Many Portlanders see addiction as a tragic illness
and feel compassion for those individuals who become
addicted to substances, whether they be legal substances
such as alcohol or illegal substances such as meth,
cocaine and other “hard” drugs. These respondents
believe that the only appropriate and effective
response to substance abuse is to provide abusers
with the treatment and services they need to overcome
their addictions, re-integrate into their families
and communities and become productive members of
society. They advocate for increased resources for
detoxification and rehabilitation as well as longer-term
services such as job skills counseling, mental health
counseling and other services that people with addictions
need to get to the point where they can turn their
"[I would like to see] commitment to helping get
people with mental illness or addiction off the
streets and into care or rehab facilities to treat
them, not putting them in jail or ignoring them.”
Many others, however, hold a very different view
of substance abuse. These Portlanders see drug use
as a form of criminal activity and believe that drug
users, as well as those who eventually become addicted,
should be held accountable and punished like other
criminals. They believe that Portland is “too soft”

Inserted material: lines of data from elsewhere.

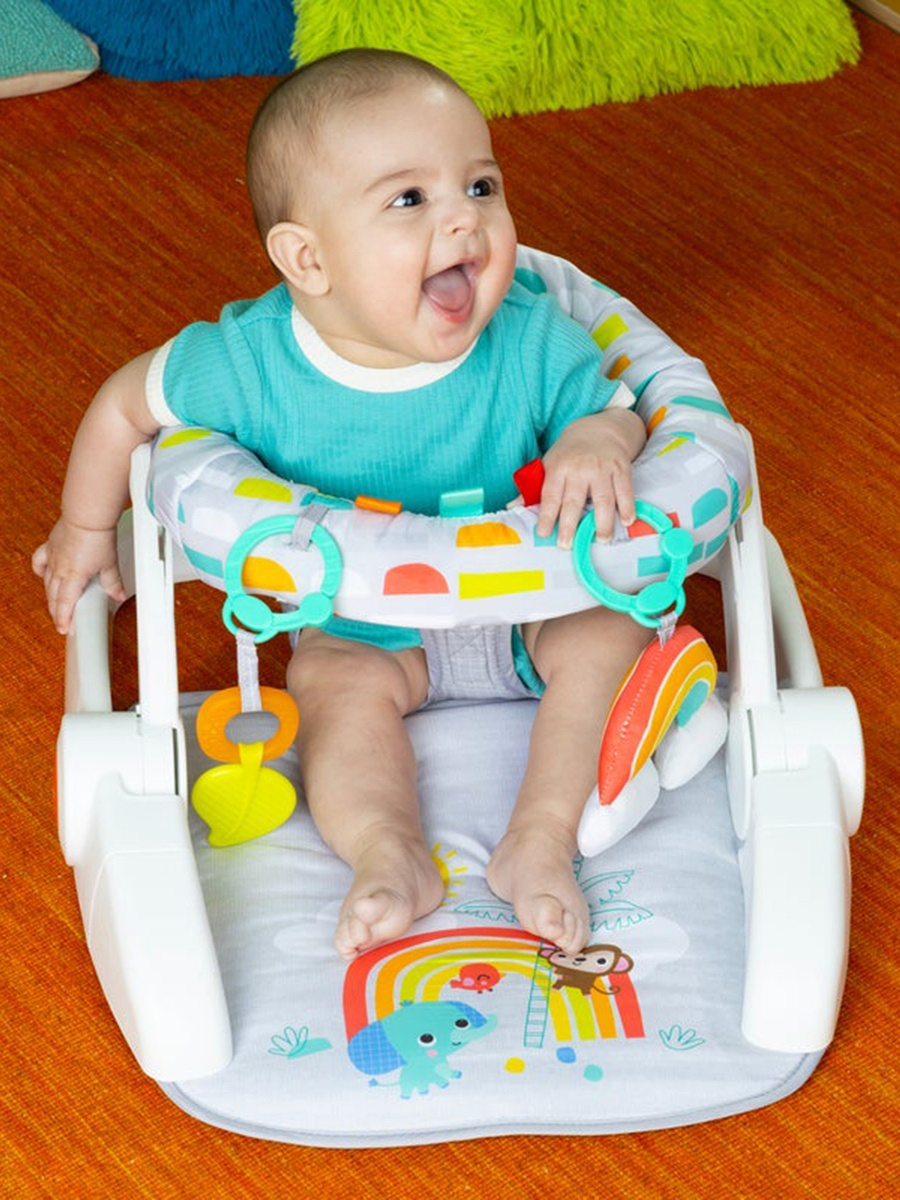 2-in-1 Giggle Station Floor Seat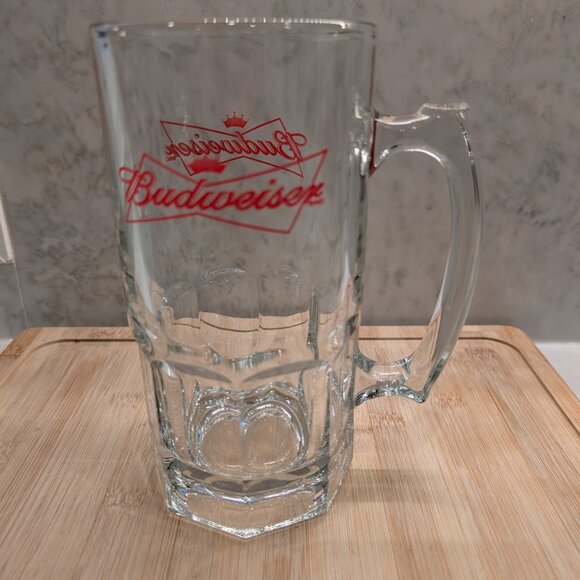 Budweiser Glass Beer Stein - Picture 1 of 5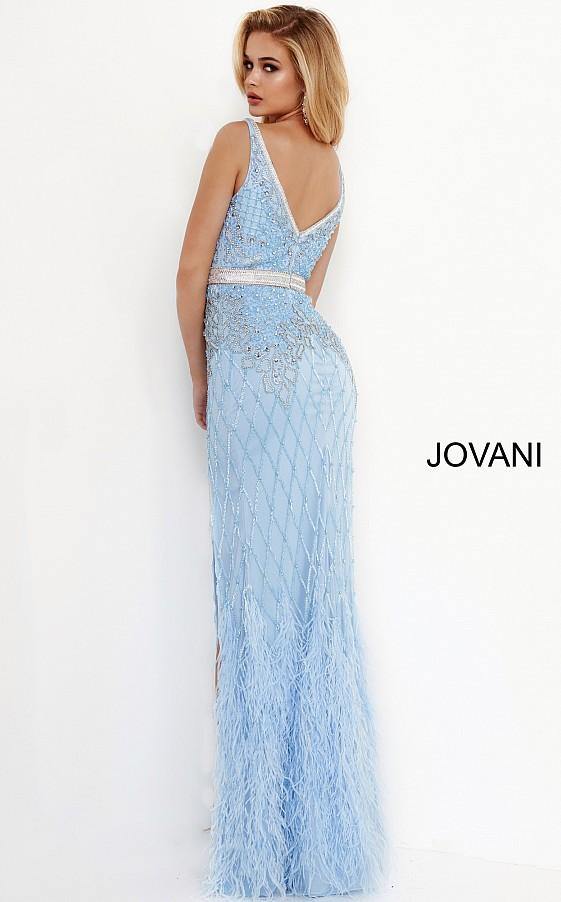 Jovani Prom Long Sleeveless Fitted Dress  55796 - The Dress Outlet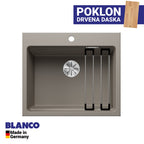 Granitna sudopera Blanco Silgranit ETAGON 6 + pribor + drvena daska - 600x510x220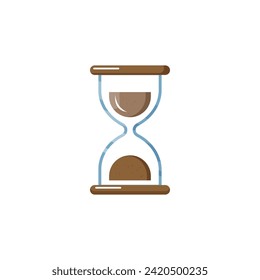 Vector illustration Hourglass flat icon. Isolated on white background.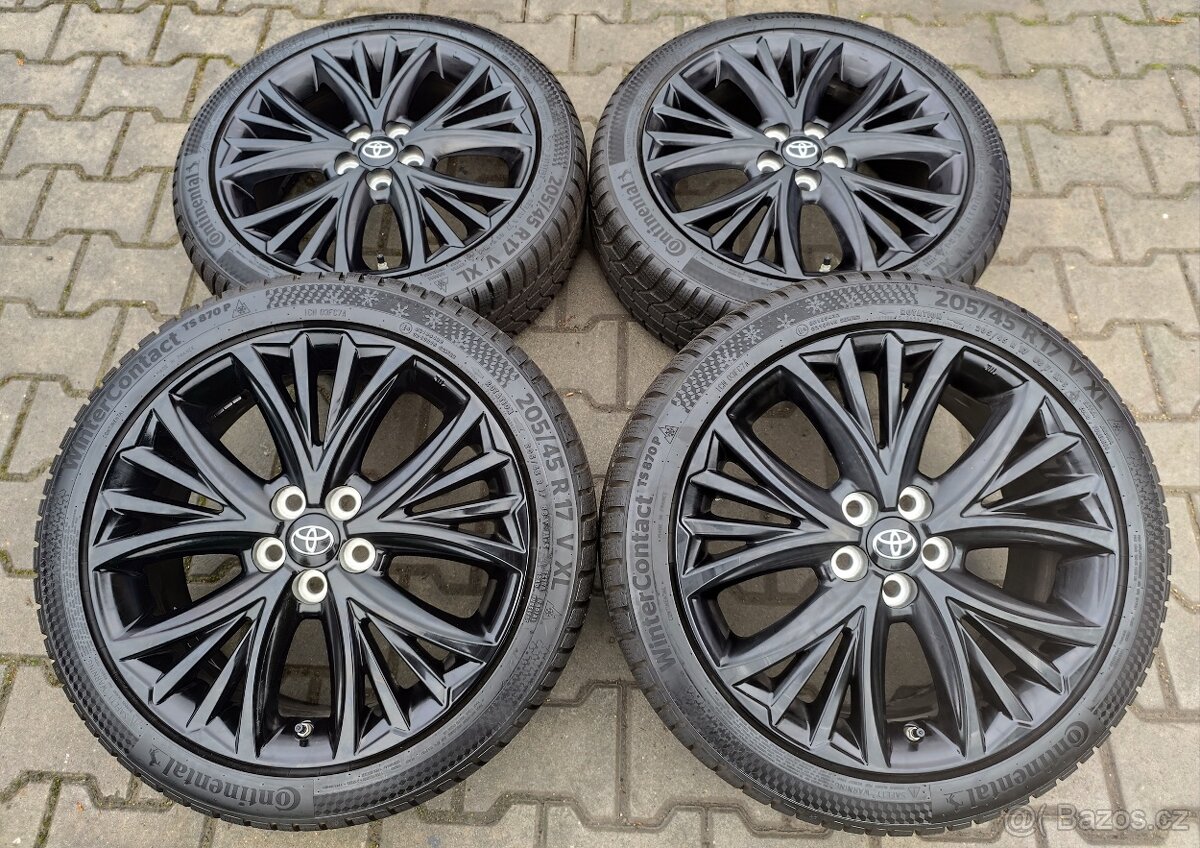 Alu kola originál Toyota Yaris 5x100 R17 TOP ZIMNÍ SADA - 5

on drug users and that the availability of services
such as syringe exchange, counseling and housing for
drug users only exacerbates the problem. They advocate
a “get tough” approach and want to see drug users
off the streets and in jails, believing this is the
only way to create cleaner, safer streets and environments
for law-abiding Portlanders, and especially for children.
"Portland needs to hold the bar higher for people.
They need to expect accountability. We need to
stop reinforcing the idea that people can’t do
it themselves. What do you have when you sober
up a horse thief? A sober horse thief. What happens
when we instill and reinforce entitlement issues
in criminal, homeless people, and addicts? Portland
needs to help people who are willing to do the
hard work and stop throwing money at those who
don’t want a better life.”
"Stop the crime and drugs. Put people in jail
and keep them there.”
Still others do not subscribe to either of these
positions. These Portlanders do not see treatment
or law enforcement as the answer, but would rather
prefer to see resources re-directed towards prevention.
From this perspective, the important thing is to break
cycles of addiction and prevent children and individuals
from becoming addicted in the first place. Placing
people with addiction issues in jail or serving them
only when their drug use has compromised their quality
of life does little to actually reduce rates of substance
abuse over the long term. Instead, resources should
be spent on education, family counseling and other
services that can prevent people from turning to drugs
and other addictive substances in the first place.
“Focus on health and prevention instead of pathology
and services for those who have fallen.”